Ironically this happened just days before Kuching hosted the Alliance for Healthy Cities’ global conference and general assembly, a biennial meeting to discuss better management of cities for the health and wellbeing of citizens.
Then on Tuesday Batu Lintang assemblyman See Chee How queried the cost of the fountain, claiming it was “excessively priced” at RM31mil.
For comparison, he said the recently-completed Darul Hana pedestrian bridge across the Sarawak River cost RM35mil while the nearly-completed floating mosque several metres upstream was projected to cost only RM10.6mil.
“Is the Darul Hana musical fountain such a monumental engineering feat equal to the Darul Hana bridge or three times the cost of the floating mosque?” he asked, urging anti-corruption enforcement officers to investigate the “extravagant” project.
On Thursday it was reported that the fountain had come to the attention of the Auditor-General’s Office, which had instructed the state audit department to look into it.
The next day Kuching North City Hall (DBKU), which managed the project, said it welcomed the Auditor-General to examine and audit its details.
“We would like to clarify that the project has fully complied with all the financial and technical process and procedures.
“The details of the design have been deliberated by the technical and cost committee and also by professional consultants,” it said in a statement responding to news reports on See’s query and the Auditor-General’s scrutiny of the project.

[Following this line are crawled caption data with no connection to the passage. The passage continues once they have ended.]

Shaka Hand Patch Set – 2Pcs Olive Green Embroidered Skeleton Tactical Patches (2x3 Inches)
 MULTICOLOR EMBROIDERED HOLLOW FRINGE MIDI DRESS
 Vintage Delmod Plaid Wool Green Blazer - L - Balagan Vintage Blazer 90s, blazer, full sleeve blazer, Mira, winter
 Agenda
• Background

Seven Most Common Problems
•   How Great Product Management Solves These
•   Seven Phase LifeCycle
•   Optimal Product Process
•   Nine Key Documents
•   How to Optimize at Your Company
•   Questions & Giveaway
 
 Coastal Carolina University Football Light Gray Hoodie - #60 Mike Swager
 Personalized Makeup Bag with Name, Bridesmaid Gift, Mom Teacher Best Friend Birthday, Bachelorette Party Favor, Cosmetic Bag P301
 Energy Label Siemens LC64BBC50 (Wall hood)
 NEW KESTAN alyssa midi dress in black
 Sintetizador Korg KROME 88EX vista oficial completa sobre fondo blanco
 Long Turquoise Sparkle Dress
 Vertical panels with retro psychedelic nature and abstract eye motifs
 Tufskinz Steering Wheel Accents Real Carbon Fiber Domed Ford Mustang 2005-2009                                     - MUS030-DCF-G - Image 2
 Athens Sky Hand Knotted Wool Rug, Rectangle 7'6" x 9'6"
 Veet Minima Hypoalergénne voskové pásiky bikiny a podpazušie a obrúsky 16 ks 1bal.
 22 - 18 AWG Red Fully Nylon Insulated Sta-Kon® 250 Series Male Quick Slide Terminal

DBKU said the project scope included cascading water features, piling works, landscaping, control room with computerised system, electrical substation, waterfront walkway, sound and lighting system and state-of-the-art fountain system comprising a floating pontoon with supporting arm, filter screen, fountain nozzles and navigational lights.
Be that as it may, this episode should give us pause for thought on the implementation of such projects in future.
Firstly, any public attraction should be designed and built primarily with locals in mind, not tourists alone. After all, city dwellers are the ones who have to live with it, so to speak, and their interest is what makes an attraction meaningful and sustainable. Otherwise it risks ending up as a white elephant if locals themselves do not enjoy or appreciate it.
It follows, then, that the process of deciding, designing and building such projects should be more open and transparent, involving public consultations and inviting local opinion on what will make the city more livable and attractive.
Transparency should also be extended to the project cost and implementation, so that the public knows how much is being spent, how and to whom it was awarded and how it is carried out. Any project that involves public money should have public oversight to foster a culture of accountability and prevent poor or excessive use of funds.
A detailed audit of the musical fountain project is therefore to be welcomed for the sake of transparency, accountability, prudent financial management and good governance.
Also, now that the fountain is there, let’s hope it will be properly maintained. And while we’re at it, please educate people to stop littering too.